● **Dataset extract**:
===
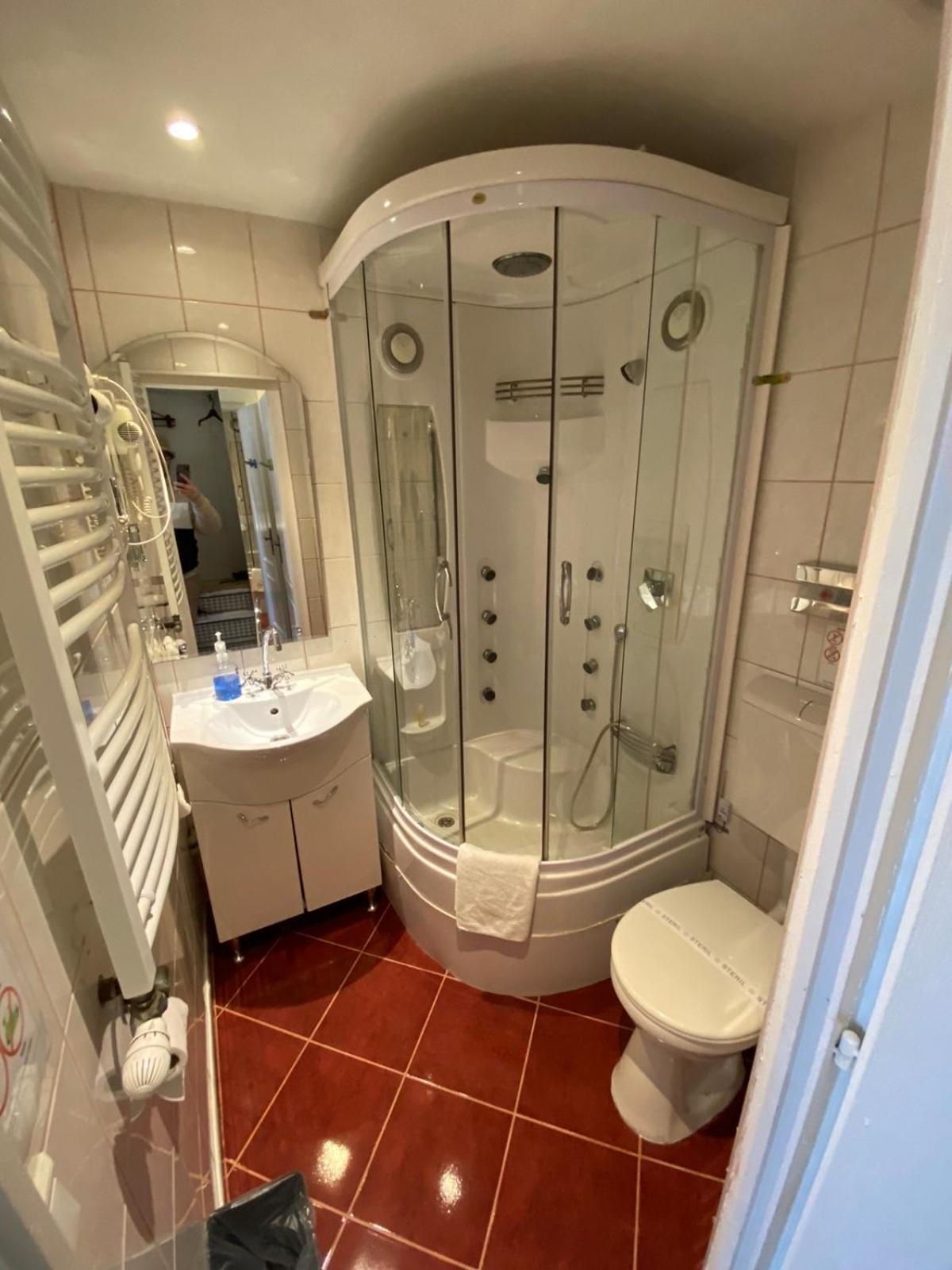 Double Room - Photo 21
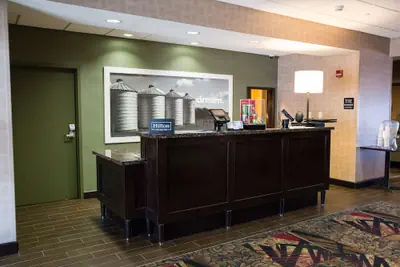 Photo 4 - Hampton Inn & Suites Bismarck Northwest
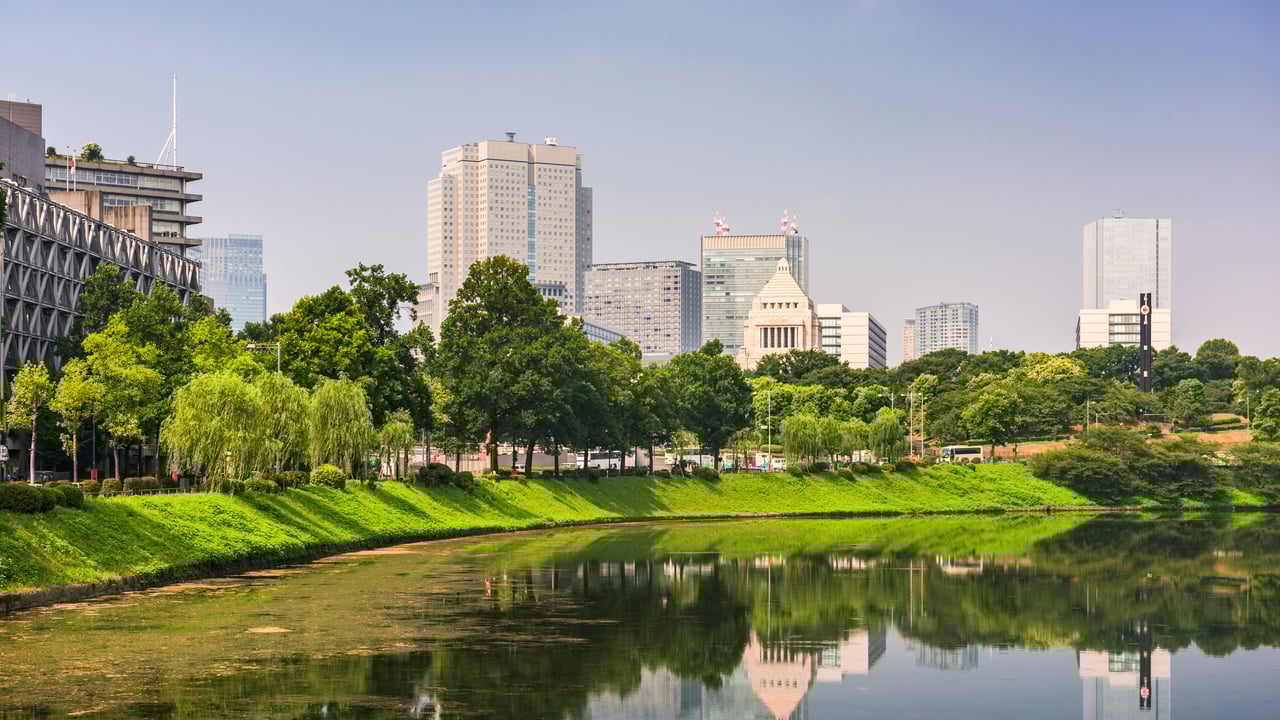 「皇居外苑」東京都, 千代田区 (© Sean Pavone/Shutter.com) desktop wallpaper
===
Please retype all of the material exactly, skipping whatever images it holds.

● **Response to the task**:
 Double Room - Photo 21
 Photo 4 - Hampton Inn & Suites Bismarck Northwest
 「皇居外苑」東京都, 千代田区 (© Sean Pavone/Shutter.com) desktop wallpaper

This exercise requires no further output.